__About this exercise__.
Copy out the entire listing below exactly, but without its pictures.
### Data below ###
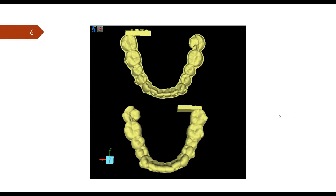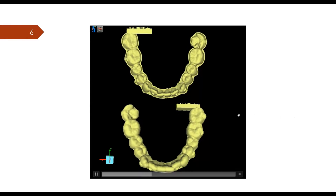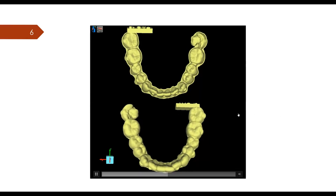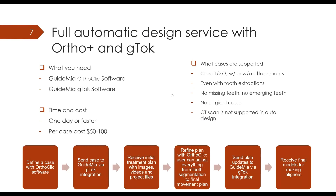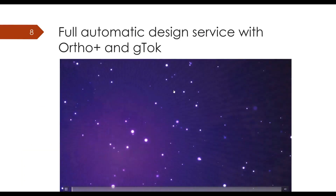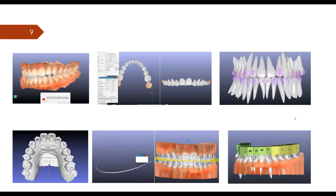We can also design aligner models. This video clip shows how we can review the aligner models in the software, going through one step at a time to review all the aligner designs for direct printing purposes. We also generate arch models for aligner manufacturers for thermoforming. We'll skip the demo video for now since we're about to do a live demo.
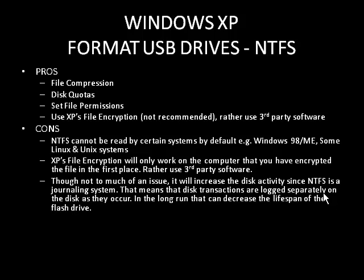Though not too much of an issue, NTFS is a journaling system. That means it's going to increase the disk activity with the transaction logging, and can decrease the lifespan, but not by much.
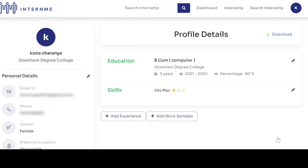Verify your information in profile details. Your registration process is completed. Thank you for using the Intern.me portal. You can now login to the portal and apply for internships.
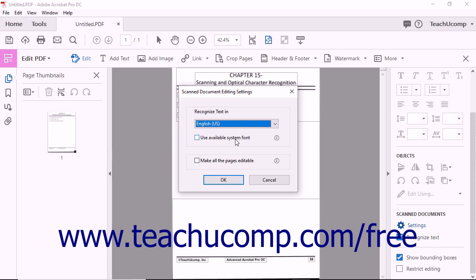At the bottom of the Scanned Document Editing Settings dialog box, you'll see the Make All the Pages Editable checkbox. When this box is checked, all pages of a currently opened document will be converted to editable text during a single OCR operation. Although this feature lets you apply Optical Character Recognition to an entire PDF in one step, it may take much longer to perform the OCR operation.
###
__Your solution__.
We can also design aligner models. This video clip shows how we can review the aligner models in the software, going through one step at a time to review all the aligner designs for direct printing purposes. We also generate arch models for aligner manufacturers for thermoforming. We'll skip the demo video for now since we're about to do a live demo.
Though not too much of an issue, NTFS is a journaling system. That means it's going to increase the disk activity with the transaction logging, and can decrease the lifespan, but not by much.
Verify your information in profile details. Your registration process is completed. Thank you for using the Intern.me portal. You can now login to the portal and apply for internships.
At the bottom of the Scanned Document Editing Settings dialog box, you'll see the Make All the Pages Editable checkbox. When this box is checked, all pages of a currently opened document will be converted to editable text during a single OCR operation. Although this feature lets you apply Optical Character Recognition to an entire PDF in one step, it may take much longer to perform the OCR operation.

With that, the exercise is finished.